Mimi Chusid

The Divinity School is pleased to announce a public lecture by Mimi Chusid: "Saving the Dead: Women, Buddhism, and Images of Hell in Japanese Religious Art and Practice."

Wednesday February 8, 4:30pm, Common Room (1st floor).

In Japan, Buddhist conceptions of hell have long served as fertile ground for the creation of fantastic imagery that brings the unknown to life. Scholars have noted that these illustrations often mirror the vivid descriptions of postmortem tortures found in The Essentials of Rebirth (Ōjōyōshū), a text completed in 985 by the monk Genshin that commanded a wide elite readership in the following centuries. A fourteenth-century set of paintings preserved in the Idemitsu Museum of Arts however complicates this assertion and calls into question the relationship between The Essentials and pictorial representations of hell. Even though inscriptions quoting this manuscript are found in four places throughout paintings, many of the pictured scenes do not, in fact, have corresponding textual descriptions. In this talk, I aim to develop a framework for understanding the Idemitsu paintings relative to the people who produced and used them. By investigating how these images operated within the purviews of artists, patrons, and practitioners—the three groups of people responsible for their production and reception—I arrive at unexpected conclusions, including that the Idemitsu paintings were produced for the salvation of women, and for deceased mothers in particular.  

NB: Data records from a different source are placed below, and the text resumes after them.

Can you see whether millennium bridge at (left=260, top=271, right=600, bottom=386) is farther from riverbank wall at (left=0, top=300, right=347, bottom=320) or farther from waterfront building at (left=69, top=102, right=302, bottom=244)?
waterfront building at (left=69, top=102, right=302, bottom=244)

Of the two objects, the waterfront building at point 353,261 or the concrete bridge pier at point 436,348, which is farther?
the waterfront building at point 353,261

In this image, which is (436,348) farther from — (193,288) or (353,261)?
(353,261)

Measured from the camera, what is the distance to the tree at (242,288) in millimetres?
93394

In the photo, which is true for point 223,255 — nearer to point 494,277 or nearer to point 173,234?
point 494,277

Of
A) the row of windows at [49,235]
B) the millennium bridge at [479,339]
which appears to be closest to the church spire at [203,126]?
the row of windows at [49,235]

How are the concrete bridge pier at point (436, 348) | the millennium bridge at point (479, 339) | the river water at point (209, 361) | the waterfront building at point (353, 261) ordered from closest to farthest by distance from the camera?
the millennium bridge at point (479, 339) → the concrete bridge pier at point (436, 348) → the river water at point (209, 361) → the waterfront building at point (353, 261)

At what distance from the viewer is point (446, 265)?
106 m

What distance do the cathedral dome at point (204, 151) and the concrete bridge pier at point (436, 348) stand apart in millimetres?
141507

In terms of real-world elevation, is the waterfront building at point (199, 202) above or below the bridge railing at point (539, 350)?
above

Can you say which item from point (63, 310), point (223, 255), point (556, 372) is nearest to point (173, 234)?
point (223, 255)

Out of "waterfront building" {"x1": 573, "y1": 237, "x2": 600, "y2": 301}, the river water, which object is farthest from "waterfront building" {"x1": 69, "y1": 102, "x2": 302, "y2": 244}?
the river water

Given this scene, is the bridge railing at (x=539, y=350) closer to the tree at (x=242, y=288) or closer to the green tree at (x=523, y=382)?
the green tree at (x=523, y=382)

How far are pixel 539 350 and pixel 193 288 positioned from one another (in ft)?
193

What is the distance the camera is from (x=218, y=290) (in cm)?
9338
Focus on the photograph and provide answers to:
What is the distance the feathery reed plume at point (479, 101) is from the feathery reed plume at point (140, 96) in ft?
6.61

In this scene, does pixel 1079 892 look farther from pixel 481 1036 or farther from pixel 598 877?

Miriam (Mimi) Chusid is Assistant Professor in the Division of Art History at The University of Washington. She specializes in premodern Japanese Buddhism and its visual culture. Her interests include relationships between art, ritual, and text; the role of women in the production and reception of religious images; Buddhist materialities; and the place of conservation in art historical inquiry. She is currently an assistant professor at the University of Washington and is completing a book manuscript that examines the emergence in the thirteenth century of pictures of Buddhist hell used in rituals to benefit the dead.